Exercise objective :: Please reproduce the lines from the one containing "PARTI BOY, a" through the end of the data below exactly as they stand, and omit all pictures.
——————
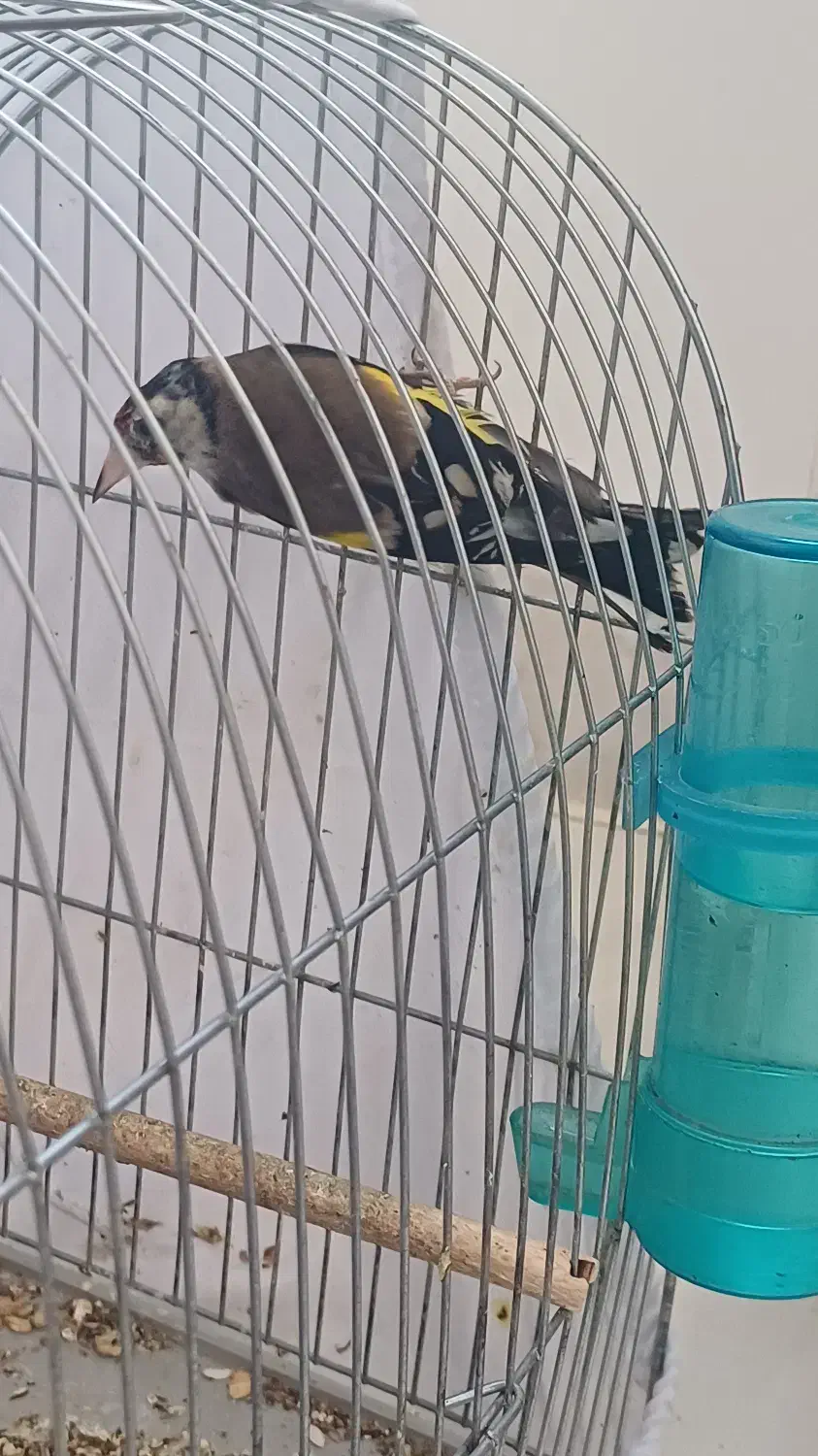 سهره تازه قفس|پرنده|ساوه, |دیوار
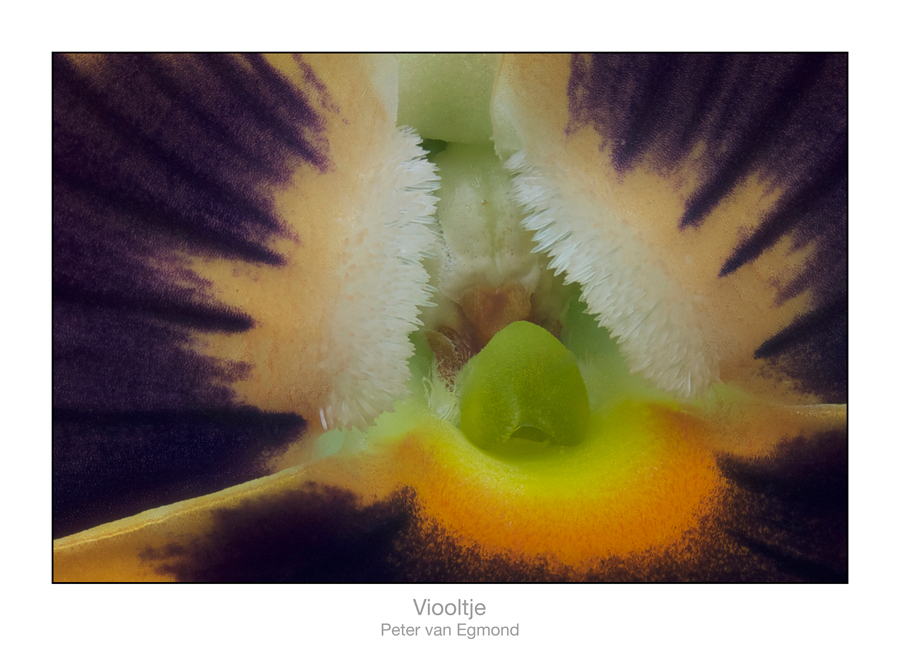 Macro Stack - Na een lange tijd afwezigheid vandaag maar weer eens een foto op Zoom. - foto door peter.vanegmond op 28-05-2012 - deze foto bevat: macro, viooltje, stack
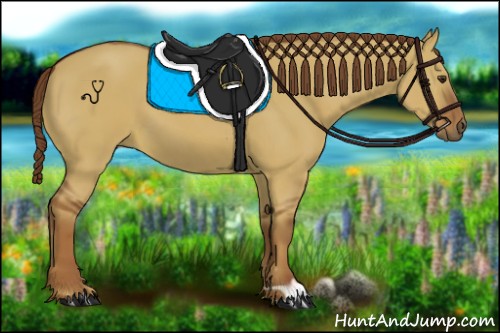 Horse Color:Red Dun 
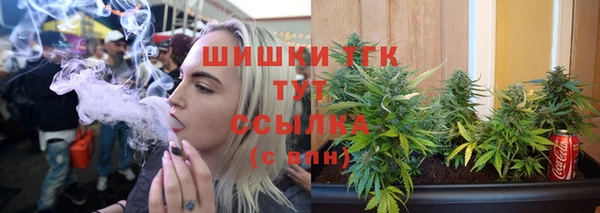 индика Осинники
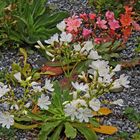 Bitterwurz-Lewisia Cotyledon blüht dern ganzen Sommer....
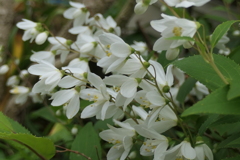 P1079968　ヒメウツギ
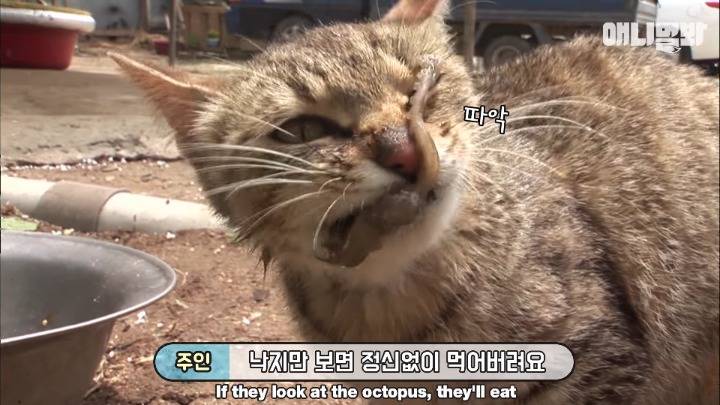 낙지먹방 고양이 위에 낙지 지키는 개 있다! 근데 문제는 졸음..? | 인스티즈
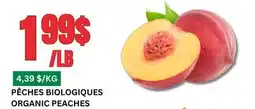 Marches Tau PÊCHES BIOLOGIQUES offer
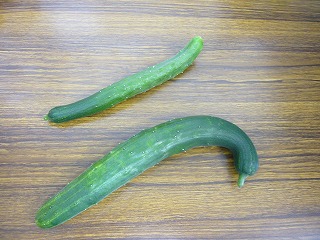 kyuuri 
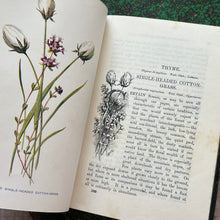 Load image into Gallery viewer, 1910 Familiar Wild Flowers; Three Individual Volumes, Half Calf with Marbled Edges
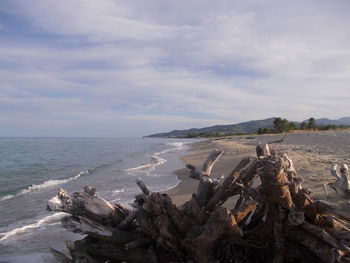 Driftwood on beach against sky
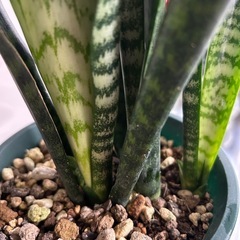 🌿サンスベリア🌿の画像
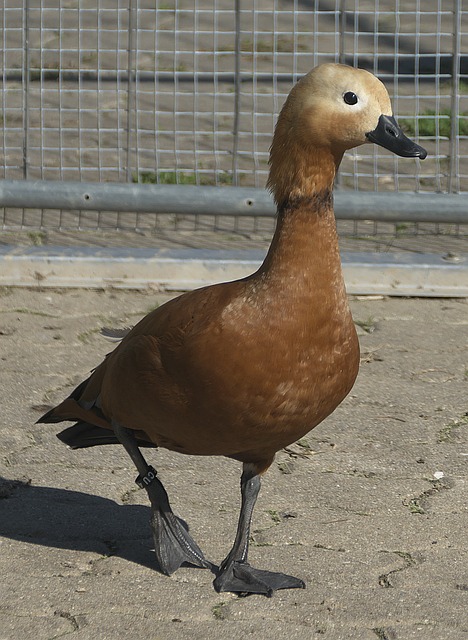 和决策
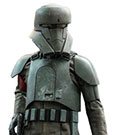 Star Wars The Mandalorian Actionfigur 1/6 Transport Trooper 31 cm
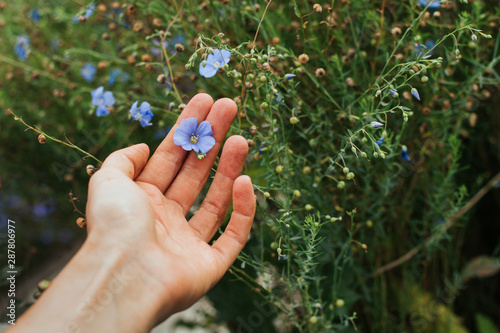  blue flax flower in a female hand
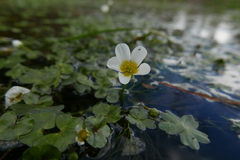 Ranunculus peltatus
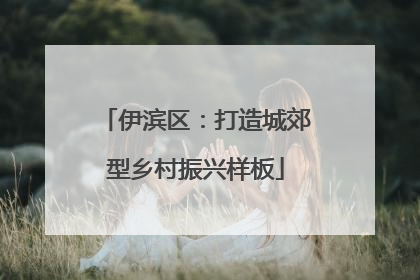 伊滨区：打造城郊型乡村振兴样板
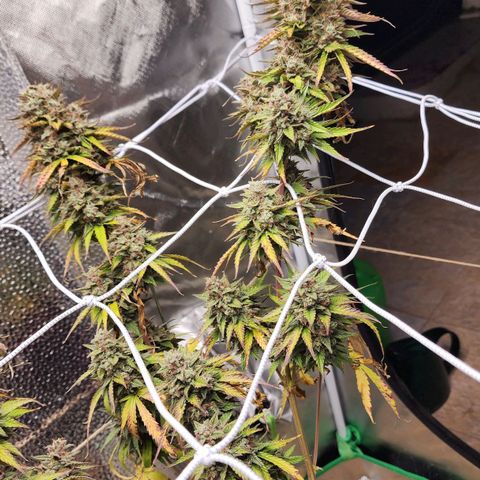 Mango Mrrr  #2 growlog photo: What a splendid plant! She was magnificent and I hope we get to grow another soon.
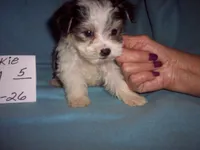 PARTI BOY, a male Morkie for sale in Gresham, WI – 2 of 3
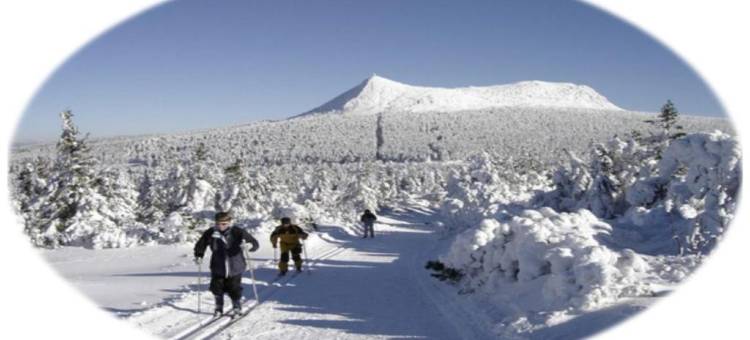 Loire-Gerbier-Mézenc图片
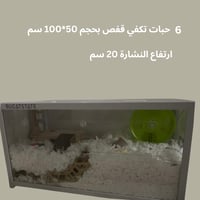 نشارة ورق لقفص الهامستر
——————
Exercise response ::
 PARTI BOY, a male Morkie for sale in Gresham, WI – 2 of 3
 Loire-Gerbier-Mézenc图片
 نشارة ورق لقفص الهامستر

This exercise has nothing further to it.